TRY IT: Nothing but the pictures is dropped; write out all the remaining data below exactly.

─── DATA TO USE ───

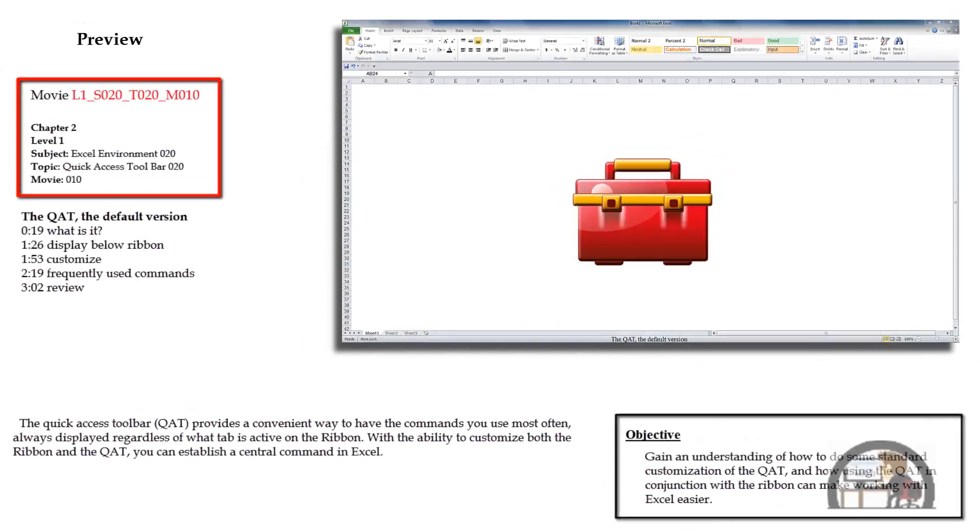This movie is about the Quick Access Toolbar or the QAT. We'll talk about what the QAT is. We're going to move it around a little bit, move it below the ribbon, add command buttons to it, and explain what most people utilize it for.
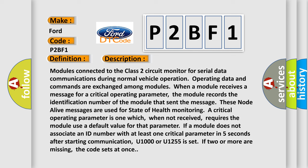A critical operating parameter is one which, when not received, requires the module to use a default value for that parameter. If a module does not associate an ID number with at least one critical parameter in five seconds after starting communication, U1000 or U1255 is set. If two or more are missing, the code sets at once.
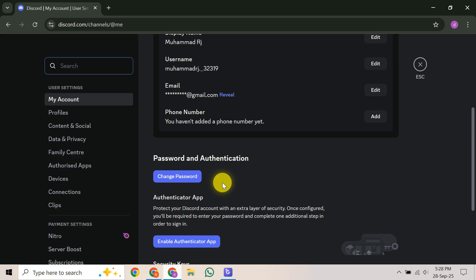In your ticket, include as much information as possible to prove you own the account. This means providing details like your username, any old email addresses associated with it, and information about recent activity. Then, patiently wait for Discord's dedicated team to respond.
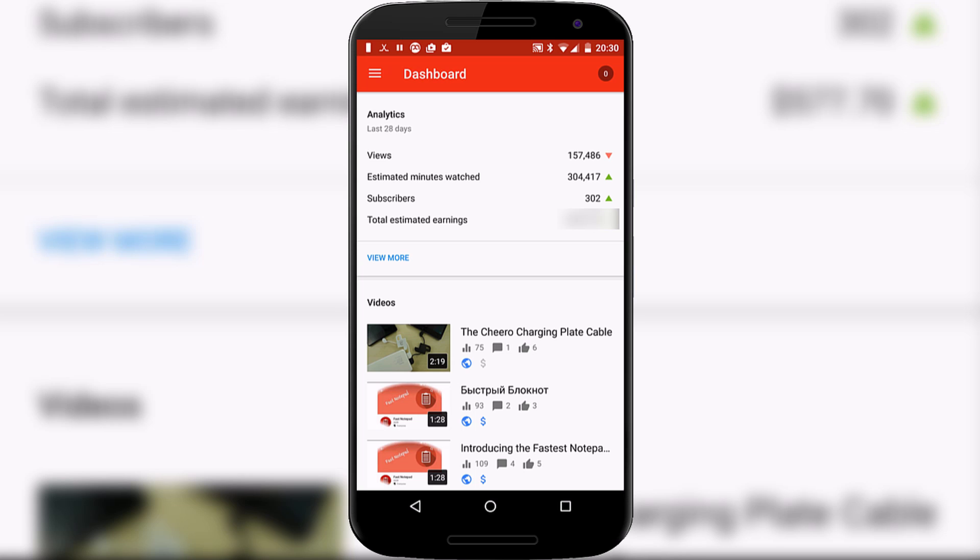On the dashboard you can see a brief rundown of your views, estimated minutes, subscribers and total estimated earnings which I've blocked out so you can't see that, obviously that's personal information.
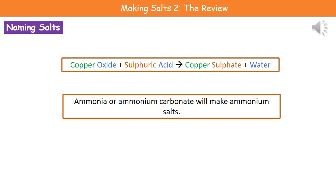To get the name of our salt, we look at the name of our metal compound — whatever the metal is goes at the first part of our salt's name. Then look at the acid, and depending on what acid we've got gives us the second part. In this example, we've got copper oxide plus sulfuric acid. Copper goes to make the first part of our salt's name, and sulfuric acid always makes a sulfate, so we're going to make copper sulfate — and because it's copper oxide, we also make water.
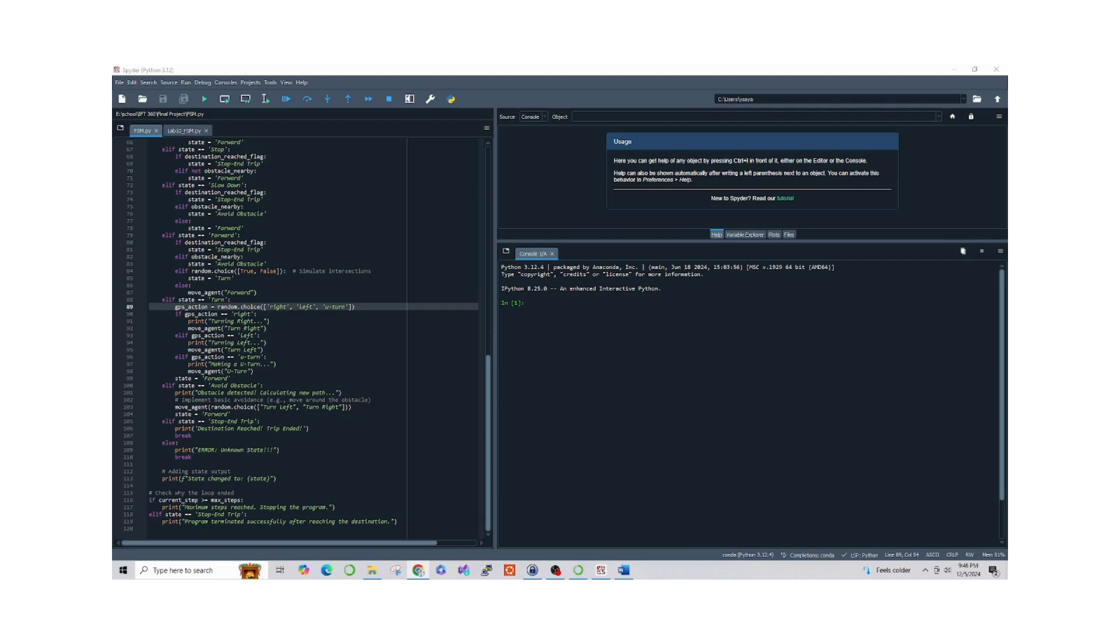This project showcases key functionalities like state transition based on environment inputs, obstacle detection and avoidance, and goal-directed navigation to reach a defined destination. I will now walk you through the code and demonstrate how the program works.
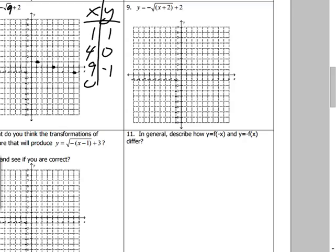What's the easiest point of all? x equals zero: square root of zero is zero, negative zero plus two is two — so (0, 2). Now I see it: it's like the square root function that normally goes this way, except this one is flipped and moved up two. It was flipped and shifted up — does that make sense? Good.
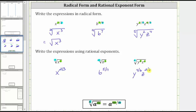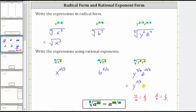Notice the fractions do simplify, and therefore we should simplify them. Because four-sixths is equal to two-thirds, and two-sixths is equal to one-third, we should rewrite this as y to the two-thirds, z to the one-third. I hope you found this helpful.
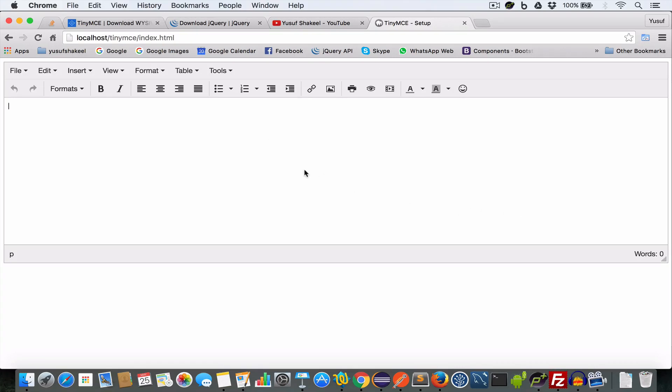And you can also count the number of words in this text editor. So for instance we can write hello world.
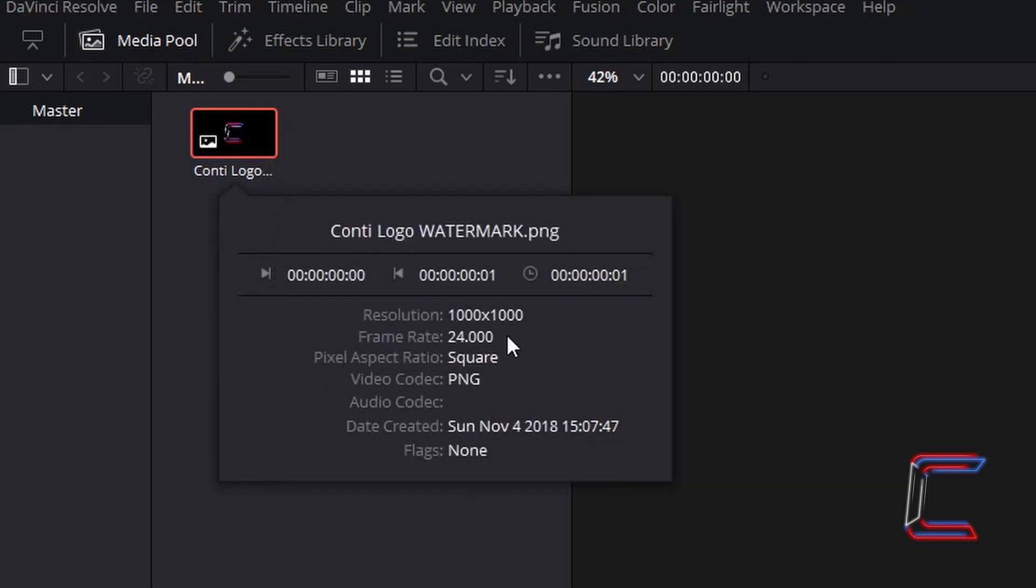The frame rate for this particular logo PNG image file is 24. The frames per second value will help us determine the length that our wipe reveal transition will run in our video.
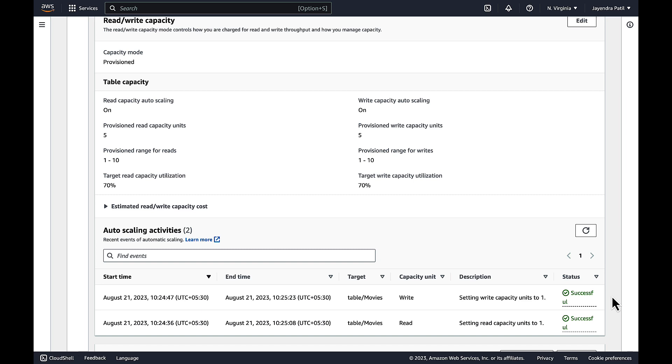So that's it for a quick demo on DynamoDB Auto Scaling. DynamoDB Auto Scaling can help to scale your DynamoDB tables as per your demand while still being cost effective. I hope you liked the demo. Thank you all.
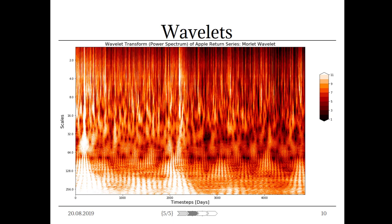But why all the hassle if we could see that on the return series itself? First, we see this information at different scales. Second, we can determine that the coefficients turn significant just slightly before the outbreak of the crisis. For those who complain about pattern seeking, remember that this picture is a representation of coefficients which result from our mathematical decomposition. So, what we want to find out is whether we are able to forecast financial crises or financial time series in general using the concept of wavelets.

───

EXERCISE RESULT:
This movie is about the Quick Access Toolbar or the QAT. We'll talk about what the QAT is. We're going to move it around a little bit, move it below the ribbon, add command buttons to it, and explain what most people utilize it for.
A critical operating parameter is one which, when not received, requires the module to use a default value for that parameter. If a module does not associate an ID number with at least one critical parameter in five seconds after starting communication, U1000 or U1255 is set. If two or more are missing, the code sets at once.
In your ticket, include as much information as possible to prove you own the account. This means providing details like your username, any old email addresses associated with it, and information about recent activity. Then, patiently wait for Discord's dedicated team to respond.
On the dashboard you can see a brief rundown of your views, estimated minutes, subscribers and total estimated earnings which I've blocked out so you can't see that, obviously that's personal information.
To get the name of our salt, we look at the name of our metal compound — whatever the metal is goes at the first part of our salt's name. Then look at the acid, and depending on what acid we've got gives us the second part. In this example, we've got copper oxide plus sulfuric acid. Copper goes to make the first part of our salt's name, and sulfuric acid always makes a sulfate, so we're going to make copper sulfate — and because it's copper oxide, we also make water.
This project showcases key functionalities like state transition based on environment inputs, obstacle detection and avoidance, and goal-directed navigation to reach a defined destination. I will now walk you through the code and demonstrate how the program works.
What's the easiest point of all? x equals zero: square root of zero is zero, negative zero plus two is two — so (0, 2). Now I see it: it's like the square root function that normally goes this way, except this one is flipped and moved up two. It was flipped and shifted up — does that make sense? Good.
Notice the fractions do simplify, and therefore we should simplify them. Because four-sixths is equal to two-thirds, and two-sixths is equal to one-third, we should rewrite this as y to the two-thirds, z to the one-third. I hope you found this helpful.
And you can also count the number of words in this text editor. So for instance we can write hello world.
The frame rate for this particular logo PNG image file is 24. The frames per second value will help us determine the length that our wipe reveal transition will run in our video.
So that's it for a quick demo on DynamoDB Auto Scaling. DynamoDB Auto Scaling can help to scale your DynamoDB tables as per your demand while still being cost effective. I hope you liked the demo. Thank you all.
But why all the hassle if we could see that on the return series itself? First, we see this information at different scales. Second, we can determine that the coefficients turn significant just slightly before the outbreak of the crisis. For those who complain about pattern seeking, remember that this picture is a representation of coefficients which result from our mathematical decomposition. So, what we want to find out is whether we are able to forecast financial crises or financial time series in general using the concept of wavelets.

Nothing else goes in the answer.